Radia raconte son histoire à Ali et rejoint le groupe. Les dix membres qui le composent mettent dans la cagnotte commune 40 000 dinars chacun. La somme permet d’acheter, le plus légalement du monde, un « boté », mot tiré de boat, en fait un zodiac pouvant embarquer huit personnes. Pas question de moteur de rechange. Trop cher. « Pour le carburant, on va se débrouiller, dit Ali à ses compagnons d’aventure. Il s’agit maintenant de trouver un barreur. » Du pêcheur du dimanche au marin professionnel, n’importe quel quidam qui a une petite expérience de la mer peut prétendre à ce statut. Généralement, le barreur n’est pas un harraga. « Sa volonté de revenir vivant est une garantie pour nous, explique Ali. Une sorte d’assurance-vie. »
Mokhtar, 24 ans, est un ancien de l’école de marine de Bou-Ismaïl, dans les environs d’Alger. Il a interrompu sa formation au bout de trois semestres pour retourner à Oran. Son passe-temps favori ? Le chat sur Internet. C’est ainsi qu’il a connu Olga, une Polonaise de son âge. Leur volonté de convoler a été contrariée par des considérations géostratégiques. Varsovie, grand allié de Washington dans la lutte mondiale contre le terrorisme, est devenu allergique aux ressortissants arabes. Après plusieurs demandes de visa rejetées, Mokhtar décide de donner rendez-vous à Olga en Espagne. Leur mariage est programmé à Malaga pour la Saint-Sylvestre. C’est ainsi que Mokhtar devient le barreur potentiel du groupe d’Ali.
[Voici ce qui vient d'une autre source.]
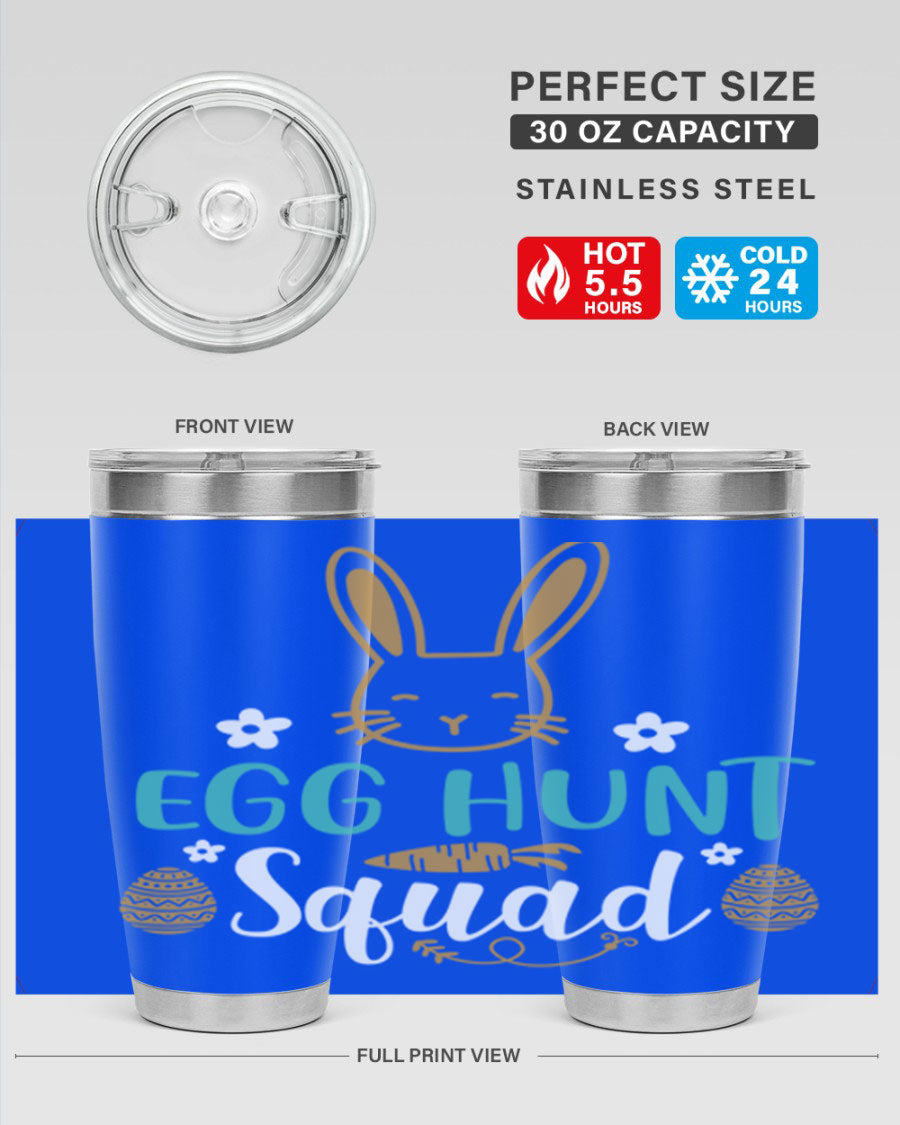 Egg Hunt Squad 94# Easter Tumbler in vibrant colors, showcasing its double wall vacuum stainless steel design and festive print.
Dernier détail à régler : le choix de la date du grand départ. Tous les jours, un membre du groupe se rend au cybercafé du coin pour consulter la météo. Les nouvelles sont franchement mauvaises : si la pluie tarde à venir en Algérie, la mer semble déchaînée. Autre obstacle : le dispositif mis en place par les gardes-côtes.
Plusieurs sites sont envisageables. Les plus proches des rivages espagnols se situent à l’ouest d’Oran : une vingtaine de plages et criques se succédant sur 100 kilomètres. Cette bande est étroitement surveillée par les services de sécurité algériens. On y recense treize points d’observation et de radars. « Kristel [située entre Oran et le terminal pétrolier d’Arzew, NDLR] est certes moins contrôlée, mais la traversée serait plus longue d’une quarantaine de miles, indique Ali à ses compagnons d’odyssée. Il faut plus de carburant. » Radia se dévoue et s’engage à payer cinq jerricans de mazout supplémentaires.
À l’heure où ces lignes sont écrites, Ali, Radia, Mokhtar et leurs compagnons espèrent toujours une météo plus clémente pour se lancer dans leur expédition. Ce qui les attend ? D’après les rescapés, la traversée, dont la durée normale est de six heures, est des plus périlleuses. « Si l’on échappe aux flots et à l’hypothermie, on finit menotté dans un commissariat d’Almería, avant d’être refoulé en Algérie », raconte Moussa, embarqué en février 2006 sur un corbillard flottant. « Hier encore, les personnes expulsées d’Espagne étaient quittes pour un sermon et une identification anthropométrique. Désormais, elles sont placées en mandat de dépôt avant de passer devant un tribunal en procédure de flagrant délit. »
Le 12 novembre, 63 harragas ont été interceptés au large des îles Habiba, dans la région de Béni Saf, par les gardes-côtes. Ils ont été condamnés à des peines de un à trois mois de prison. Ali, Radia, Mokhtar et les autres savent tout cela. Mais pas question de rester. El hout ouala doud. Plutôt finir dans le ventre d’un poisson que se faire manger par la vermine.